Sam first joined us in Episode 52 for a beautiful conversation about home, identity, and raising children across cultures. This time, she returns with her memoir in hand—a deeply personal reflection on what it means to belong when your life has been shaped by movement, reinvention, and the quiet ache of leaving.

Sam has lived in fifteen countries and raised four fourth-generation global nomads, now scattered across Portland, San Francisco, Sydney, and Barcelona. In this conversation, she and Mickelle explore the emotional architecture of a globally mobile life: the choices we make for our children, the identities we rebuild in every new place, and the truth that home may not be a destination at all—but something we learn to carry within us.

In this episode

Why “home” can be something we carry, not somewhere we arrive

Sam shares the central idea behind her memoir: that true home is not always tied to a single place. For those who live between cultures, home can become an amalgamation of people, memories, languages, rituals, and love.

She describes each country she has lived in as a kind of “borrowed sky”—a place that was hers for a time, even if it was never meant to be permanent. This reframing is both tender and powerful: the places we pass through are not less meaningful because we leave them. They were home while we were there.

The meaning behind Beneath a Borrowed Sky

The title of Sam’s memoir becomes a doorway into one of the episode’s most resonant themes: how to fully inhabit a place while knowing it may only be temporary.

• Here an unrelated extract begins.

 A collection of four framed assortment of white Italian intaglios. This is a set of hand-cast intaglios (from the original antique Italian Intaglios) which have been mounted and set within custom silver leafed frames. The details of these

Mickelle names it beautifully in the conversation: invest like it is permanent, while remaining aware of the impermanence. For many Peregrines, this is the tension at the heart of international life. We root and uproot. We build community and say goodbye. We learn to belong without certainty.

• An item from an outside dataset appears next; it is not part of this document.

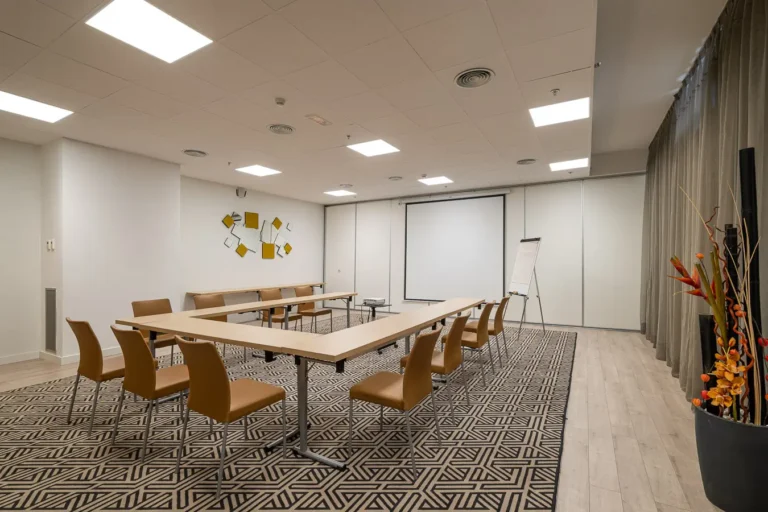 sala de conferencias de hotel con mesas en forma de u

Sam’s book sits inside that tension with honesty, grace, and hard-won wisdom.

Raising third-culture kids—and watching them build lives globally

Sam reflects on raising four fourth-generation global nomads and the decision she made early in motherhood: no matter where life took them, her children would come with her.

Having been sent to boarding school as a child while her parents continued their international life, Sam wanted a different kind of family story. She and her husband chose to create stability inside the family unit, even as the external landscape kept changing.

Now that her children are adults living around the world, Sam speaks candidly about the pride and the grief that can coexist. Giving your children the world means they may actually take it. They may build lives far from you. They may become deeply capable at starting again, making new homes, and finding their people—but that does not mean the distance is easy.

The unseen work of the supporting spouse abroad

Mickelle and Sam also explore the often invisible role of the supporting spouse in international life.

Sam speaks honestly about the pact she and her husband made when their children were young: he would hold the financial fort, and she would hold the fort of everything else. That “everything else” included raising children, managing moves, creating belonging from scratch, reinventing herself professionally, and helping the family land in each new place.

The conversation does not flatten this into sacrifice or privilege. Instead, it gives the role the nuance it deserves. There can be beauty in it. There can be agency in it. There can also be loss, identity shifts, and moments when the agreement needs to be revisited.

As Sam shares, the key is honest conversation. What works in one season may need to change in another.

Why doing your homework matters before any major life transition

One of Sam’s most practical pieces of advice is deceptively simple: do your homework.

Before entering a new country, a new culture, a new language, or even a new life stage, prepare yourself. Learn the basic phrases. Understand the context. Respect the transition enough not to assume you already know it.

Sam shares that one of her hardest moves was to the United States—not because the language was unfamiliar, but because she assumed familiarity would be enough. It was a reminder that every place, no matter how visible it may feel through films, media, or reputation, deserves to be approached with humility.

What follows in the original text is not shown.